I can construct many function continuous in this interval . I have to choose one function that is not differentiable in $(0,1)$ because all point of $\{\frac{1}{1+n}: n \in\mathbb N\}$ is in the interval $(0,1)$,but i don't know that function choose that is not differentiable,moreover I don't know like prove that one function is not differentiable, with the definition or have to use other theorem?

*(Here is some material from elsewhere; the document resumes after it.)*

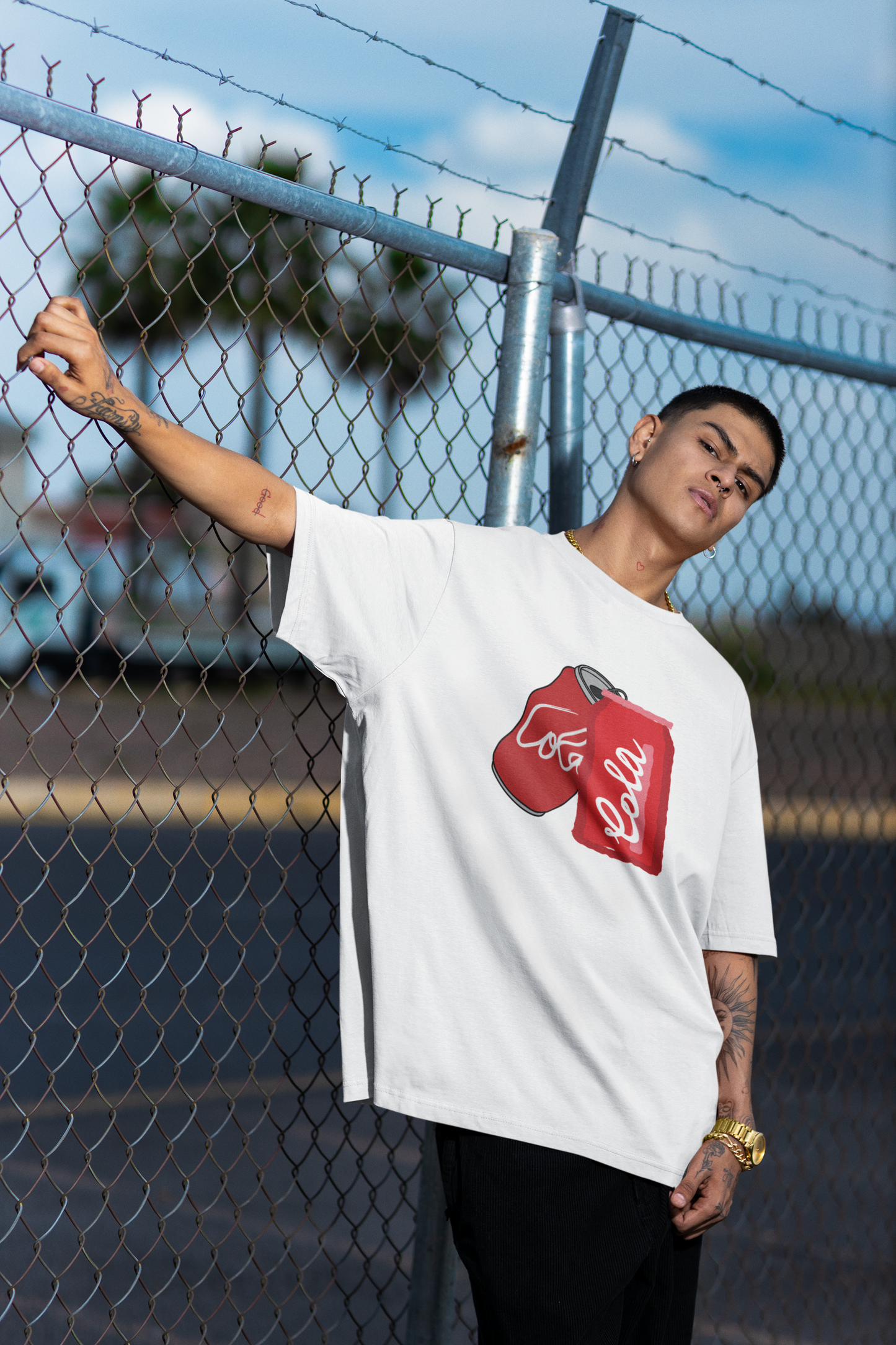 Cola White Oversized T-Shirt For Men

• take triangls with sommit at $1/(n+1)$.like mountains. May 25, 2017 at 23:12
• Restrict the domain of your favorite everywhere-continuous, nowhere-differentiable function :P May 25, 2017 at 23:13

I am not sure that I understood the question, but I suspect that $\left|\sin\left(\frac\pi x\right)\right|$ will do.
You may apply condensation of singularities. The function $f(x)=\left\{\begin{array}{rcl} 0 & \text{at } x=0\\ x\sin\frac{1}{x} & \text{otherwise}\end{array}\right.$ is everywhere continuous and differentiable everywhere except at the origin. We have $\left|f(x)\right|\leq 1$, hence
$$g(x)=\sum_{n\geq 1}\frac{1}{2^n}\,f\left(x-\frac{1}{n}\right)$$ is a continuous function on $[0,1]$, but it is not differentiable at any point of the form $\frac{1}{n}$.